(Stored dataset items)
-- Opening Marker --

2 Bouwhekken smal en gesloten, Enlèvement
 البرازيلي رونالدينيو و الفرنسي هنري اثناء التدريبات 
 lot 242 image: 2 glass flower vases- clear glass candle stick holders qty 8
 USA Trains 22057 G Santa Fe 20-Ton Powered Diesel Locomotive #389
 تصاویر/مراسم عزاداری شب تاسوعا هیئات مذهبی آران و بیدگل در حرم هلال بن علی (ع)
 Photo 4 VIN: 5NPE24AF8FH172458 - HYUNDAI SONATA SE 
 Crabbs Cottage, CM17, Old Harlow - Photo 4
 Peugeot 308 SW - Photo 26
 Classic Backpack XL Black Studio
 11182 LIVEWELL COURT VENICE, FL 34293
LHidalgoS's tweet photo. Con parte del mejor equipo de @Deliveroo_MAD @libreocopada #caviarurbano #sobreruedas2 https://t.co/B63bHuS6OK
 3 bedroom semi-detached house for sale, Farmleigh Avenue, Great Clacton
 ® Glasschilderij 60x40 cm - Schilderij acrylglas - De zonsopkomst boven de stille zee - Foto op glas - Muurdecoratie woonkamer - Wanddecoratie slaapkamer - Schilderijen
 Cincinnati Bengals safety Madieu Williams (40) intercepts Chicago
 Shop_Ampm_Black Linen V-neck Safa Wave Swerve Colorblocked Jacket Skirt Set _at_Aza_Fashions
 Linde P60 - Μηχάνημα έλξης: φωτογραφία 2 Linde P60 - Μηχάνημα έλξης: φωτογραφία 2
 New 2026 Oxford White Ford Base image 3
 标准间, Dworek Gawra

-- Closing Marker --

# EXERCISE INSTRUCTIONS:
From the entries above, write out only the lines starting at the line that holds "USA Trains 22057" and ending at the line that holds "3 bedroom semi-detached", keeping both and matching them exactly.

# SOLUTION FOR THIS EXERCISE:
 USA Trains 22057 G Santa Fe 20-Ton Powered Diesel Locomotive #389
 تصاویر/مراسم عزاداری شب تاسوعا هیئات مذهبی آران و بیدگل در حرم هلال بن علی (ع)
 Photo 4 VIN: 5NPE24AF8FH172458 - HYUNDAI SONATA SE 
 Crabbs Cottage, CM17, Old Harlow - Photo 4
 Peugeot 308 SW - Photo 26
 Classic Backpack XL Black Studio
 11182 LIVEWELL COURT VENICE, FL 34293
LHidalgoS's tweet photo. Con parte del mejor equipo de @Deliveroo_MAD @libreocopada #caviarurbano #sobreruedas2 https://t.co/B63bHuS6OK
 3 bedroom semi-detached house for sale, Farmleigh Avenue, Great Clacton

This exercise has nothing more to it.